Max Mosley has defended the penalty handed out to Renault by the FIA World Motor Sport Council in Paris yesterday (Monday) for having 'fixed' the result of the 2008 Singapore Grand Prix - asserting that it was 'the harshest one we can impose'.

Renault declined to contest allegations made by its sacked driver Nelsinho Piquet that the Brazilian was instructed by former managing director Flavio Briatore and executive director of engineering Pat Symonds to deliberately crash out of F1's inaugural night race just under twelve months ago, in order to prompt a safety car period that enabled team-mate Fernando Alonso to go on to triumph from a disadvantaged grid position following an engine failure in qualifying.

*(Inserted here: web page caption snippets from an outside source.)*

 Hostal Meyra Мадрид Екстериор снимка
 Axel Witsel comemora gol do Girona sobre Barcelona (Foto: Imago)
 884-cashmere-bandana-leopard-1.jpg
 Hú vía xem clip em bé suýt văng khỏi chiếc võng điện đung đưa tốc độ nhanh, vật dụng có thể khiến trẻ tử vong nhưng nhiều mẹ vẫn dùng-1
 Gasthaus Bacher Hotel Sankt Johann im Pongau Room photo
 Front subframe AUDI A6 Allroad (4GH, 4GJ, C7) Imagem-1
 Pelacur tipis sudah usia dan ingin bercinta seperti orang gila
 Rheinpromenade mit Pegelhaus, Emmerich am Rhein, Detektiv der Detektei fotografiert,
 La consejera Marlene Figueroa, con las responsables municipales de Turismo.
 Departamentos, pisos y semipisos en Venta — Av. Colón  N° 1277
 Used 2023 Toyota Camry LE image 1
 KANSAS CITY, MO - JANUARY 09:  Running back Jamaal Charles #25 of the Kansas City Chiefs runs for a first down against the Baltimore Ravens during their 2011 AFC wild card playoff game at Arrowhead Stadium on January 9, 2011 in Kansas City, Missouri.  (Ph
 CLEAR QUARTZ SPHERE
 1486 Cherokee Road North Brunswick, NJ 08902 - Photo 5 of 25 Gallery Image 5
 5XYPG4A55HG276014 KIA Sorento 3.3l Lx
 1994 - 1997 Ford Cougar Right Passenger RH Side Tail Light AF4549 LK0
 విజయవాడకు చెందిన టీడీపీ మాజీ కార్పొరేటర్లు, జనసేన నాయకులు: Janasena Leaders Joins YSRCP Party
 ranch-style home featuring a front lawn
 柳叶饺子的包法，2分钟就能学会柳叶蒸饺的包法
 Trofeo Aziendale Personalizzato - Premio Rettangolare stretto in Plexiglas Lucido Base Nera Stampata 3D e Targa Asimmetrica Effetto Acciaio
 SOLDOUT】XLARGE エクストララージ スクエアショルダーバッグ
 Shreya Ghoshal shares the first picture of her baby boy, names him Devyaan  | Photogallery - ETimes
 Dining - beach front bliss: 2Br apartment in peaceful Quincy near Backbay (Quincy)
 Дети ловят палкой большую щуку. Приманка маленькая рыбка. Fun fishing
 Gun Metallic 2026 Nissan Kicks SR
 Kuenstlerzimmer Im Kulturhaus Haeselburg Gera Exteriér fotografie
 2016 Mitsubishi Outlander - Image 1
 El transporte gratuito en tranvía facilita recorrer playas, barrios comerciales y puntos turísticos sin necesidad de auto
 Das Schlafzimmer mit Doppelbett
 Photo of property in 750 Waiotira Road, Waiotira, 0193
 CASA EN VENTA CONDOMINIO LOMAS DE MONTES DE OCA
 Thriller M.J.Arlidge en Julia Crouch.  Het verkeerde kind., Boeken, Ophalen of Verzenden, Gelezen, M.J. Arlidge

That earned the French manufacturer exclusion from competition suspended for two years, meaning that provided there is no repeat or similar incident over the next 24 months, there will equally be no further ramifications.

However, paddock observers contend that the punishment makes a mockery of the sporting record $100 million fine and disqualification from the 2007 constructors' world championship meted out to McLaren-Mercedes over the espionage row two years ago, a crime Mosley had admitted was not as serious as that of Renault, who received no fine at all. The FIA President and former McLaren team principal Ron Dennis had long been sworn enemies, and some suggested at the time that there was more than just a trace of personal antipathy in the Woking-based outfit's penalty.

The general paddock consensus is that the WMSC did not dare come down too heavily on Renault for fear of it becoming the third major car maker to walk away from F1 in the last ten months - but Mosley is adamant that the council was as heavy-handed as it could possibly have been.

"I think it's the right decision," the Englishman told reporters, according to the BBC. "I think the blame has been placed where the blame should be placed. The penalty we've imposed is the harshest one we can impose, which is disqualification - that means complete exclusion from the sport.

"However, because Renault have demonstrated that they had absolutely no moral responsibility for what took place - that's to say the team, Renault F1, still less the company - it would be wrong in the circumstances to impose an immediate penalty, so it's a suspended penalty."

Similarly insistent that the latest scandal to afflict F1 doesn't 'mean anything' - "We have problems from time-to-time, but as long as we sort them and deal with them properly, that's fine" - Mosley also spoke of Briatore's spectacular fall from grace. The two men have rarely seen eye-to-eye during their time together in the top flight.

"It's sad, because he's been in motorsport for 20 years - more actually," mused the 69-year-old. "It's sad to see a career end like that, but what else could we do?"